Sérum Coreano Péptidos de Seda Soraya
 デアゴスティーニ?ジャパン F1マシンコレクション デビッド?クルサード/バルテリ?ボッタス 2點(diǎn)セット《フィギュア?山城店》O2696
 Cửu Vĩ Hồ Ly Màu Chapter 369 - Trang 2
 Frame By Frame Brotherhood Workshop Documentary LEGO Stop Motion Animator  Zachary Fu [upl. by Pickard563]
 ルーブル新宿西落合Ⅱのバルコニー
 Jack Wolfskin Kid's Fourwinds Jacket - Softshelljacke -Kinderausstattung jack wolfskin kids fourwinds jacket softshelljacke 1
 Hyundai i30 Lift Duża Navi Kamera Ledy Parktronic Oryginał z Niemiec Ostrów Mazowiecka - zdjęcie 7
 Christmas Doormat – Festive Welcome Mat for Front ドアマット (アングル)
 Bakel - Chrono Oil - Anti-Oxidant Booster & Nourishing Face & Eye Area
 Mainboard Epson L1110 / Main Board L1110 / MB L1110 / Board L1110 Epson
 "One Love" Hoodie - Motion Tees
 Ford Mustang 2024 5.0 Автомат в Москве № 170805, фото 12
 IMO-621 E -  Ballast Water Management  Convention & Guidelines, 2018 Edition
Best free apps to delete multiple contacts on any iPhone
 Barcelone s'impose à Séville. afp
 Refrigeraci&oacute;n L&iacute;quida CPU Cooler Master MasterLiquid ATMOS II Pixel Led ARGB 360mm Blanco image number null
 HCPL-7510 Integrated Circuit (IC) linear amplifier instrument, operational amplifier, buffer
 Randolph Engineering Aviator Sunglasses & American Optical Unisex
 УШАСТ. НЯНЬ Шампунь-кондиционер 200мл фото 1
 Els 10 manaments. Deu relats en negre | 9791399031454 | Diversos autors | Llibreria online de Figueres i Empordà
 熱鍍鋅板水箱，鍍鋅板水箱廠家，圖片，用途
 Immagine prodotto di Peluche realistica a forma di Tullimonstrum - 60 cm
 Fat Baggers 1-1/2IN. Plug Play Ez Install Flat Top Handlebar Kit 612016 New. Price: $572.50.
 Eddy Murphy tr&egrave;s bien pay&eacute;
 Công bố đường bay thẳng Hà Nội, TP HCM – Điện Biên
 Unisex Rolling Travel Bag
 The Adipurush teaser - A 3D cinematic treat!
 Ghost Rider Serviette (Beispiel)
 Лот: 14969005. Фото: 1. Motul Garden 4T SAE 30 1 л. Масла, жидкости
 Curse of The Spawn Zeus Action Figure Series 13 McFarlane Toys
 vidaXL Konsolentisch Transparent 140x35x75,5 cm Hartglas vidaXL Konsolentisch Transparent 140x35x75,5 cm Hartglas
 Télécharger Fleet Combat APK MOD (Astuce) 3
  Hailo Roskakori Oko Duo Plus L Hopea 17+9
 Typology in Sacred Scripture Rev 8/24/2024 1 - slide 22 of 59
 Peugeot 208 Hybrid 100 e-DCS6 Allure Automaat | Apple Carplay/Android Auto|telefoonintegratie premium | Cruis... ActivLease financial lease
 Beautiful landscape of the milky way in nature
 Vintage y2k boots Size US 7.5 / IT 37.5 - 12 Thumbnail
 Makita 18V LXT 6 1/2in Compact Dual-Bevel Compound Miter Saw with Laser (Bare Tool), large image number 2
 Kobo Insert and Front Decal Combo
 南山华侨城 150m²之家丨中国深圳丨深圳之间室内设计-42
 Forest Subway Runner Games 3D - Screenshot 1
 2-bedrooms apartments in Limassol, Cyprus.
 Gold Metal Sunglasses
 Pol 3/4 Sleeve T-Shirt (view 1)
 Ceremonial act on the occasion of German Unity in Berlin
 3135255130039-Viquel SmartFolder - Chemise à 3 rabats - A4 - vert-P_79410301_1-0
──────────────────────────────
◆ **Task objective**:
Copy out the whole listing, word for word.

◆ **Solved exercise**:
Sérum Coreano Péptidos de Seda Soraya
 デアゴスティーニ?ジャパン F1マシンコレクション デビッド?クルサード/バルテリ?ボッタス 2點(diǎn)セット《フィギュア?山城店》O2696
 Cửu Vĩ Hồ Ly Màu Chapter 369 - Trang 2
 Frame By Frame Brotherhood Workshop Documentary LEGO Stop Motion Animator  Zachary Fu [upl. by Pickard563]
 ルーブル新宿西落合Ⅱのバルコニー
 Jack Wolfskin Kid's Fourwinds Jacket - Softshelljacke -Kinderausstattung jack wolfskin kids fourwinds jacket softshelljacke 1
 Hyundai i30 Lift Duża Navi Kamera Ledy Parktronic Oryginał z Niemiec Ostrów Mazowiecka - zdjęcie 7
 Christmas Doormat – Festive Welcome Mat for Front ドアマット (アングル)
 Bakel - Chrono Oil - Anti-Oxidant Booster & Nourishing Face & Eye Area
 Mainboard Epson L1110 / Main Board L1110 / MB L1110 / Board L1110 Epson
 "One Love" Hoodie - Motion Tees
 Ford Mustang 2024 5.0 Автомат в Москве № 170805, фото 12
 IMO-621 E -  Ballast Water Management  Convention & Guidelines, 2018 Edition
Best free apps to delete multiple contacts on any iPhone
 Barcelone s'impose à Séville. afp
 Refrigeraci&oacute;n L&iacute;quida CPU Cooler Master MasterLiquid ATMOS II Pixel Led ARGB 360mm Blanco image number null
 HCPL-7510 Integrated Circuit (IC) linear amplifier instrument, operational amplifier, buffer
 Randolph Engineering Aviator Sunglasses & American Optical Unisex
 УШАСТ. НЯНЬ Шампунь-кондиционер 200мл фото 1
 Els 10 manaments. Deu relats en negre | 9791399031454 | Diversos autors | Llibreria online de Figueres i Empordà
 熱鍍鋅板水箱，鍍鋅板水箱廠家，圖片，用途
 Immagine prodotto di Peluche realistica a forma di Tullimonstrum - 60 cm
 Fat Baggers 1-1/2IN. Plug Play Ez Install Flat Top Handlebar Kit 612016 New. Price: $572.50.
 Eddy Murphy tr&egrave;s bien pay&eacute;
 Công bố đường bay thẳng Hà Nội, TP HCM – Điện Biên
 Unisex Rolling Travel Bag
 The Adipurush teaser - A 3D cinematic treat!
 Ghost Rider Serviette (Beispiel)
 Лот: 14969005. Фото: 1. Motul Garden 4T SAE 30 1 л. Масла, жидкости
 Curse of The Spawn Zeus Action Figure Series 13 McFarlane Toys
 vidaXL Konsolentisch Transparent 140x35x75,5 cm Hartglas vidaXL Konsolentisch Transparent 140x35x75,5 cm Hartglas
 Télécharger Fleet Combat APK MOD (Astuce) 3
  Hailo Roskakori Oko Duo Plus L Hopea 17+9
 Typology in Sacred Scripture Rev 8/24/2024 1 - slide 22 of 59
 Peugeot 208 Hybrid 100 e-DCS6 Allure Automaat | Apple Carplay/Android Auto|telefoonintegratie premium | Cruis... ActivLease financial lease
 Beautiful landscape of the milky way in nature
 Vintage y2k boots Size US 7.5 / IT 37.5 - 12 Thumbnail
 Makita 18V LXT 6 1/2in Compact Dual-Bevel Compound Miter Saw with Laser (Bare Tool), large image number 2
 Kobo Insert and Front Decal Combo
 南山华侨城 150m²之家丨中国深圳丨深圳之间室内设计-42
 Forest Subway Runner Games 3D - Screenshot 1
 2-bedrooms apartments in Limassol, Cyprus.
 Gold Metal Sunglasses
 Pol 3/4 Sleeve T-Shirt (view 1)
 Ceremonial act on the occasion of German Unity in Berlin
 3135255130039-Viquel SmartFolder - Chemise à 3 rabats - A4 - vert-P_79410301_1-0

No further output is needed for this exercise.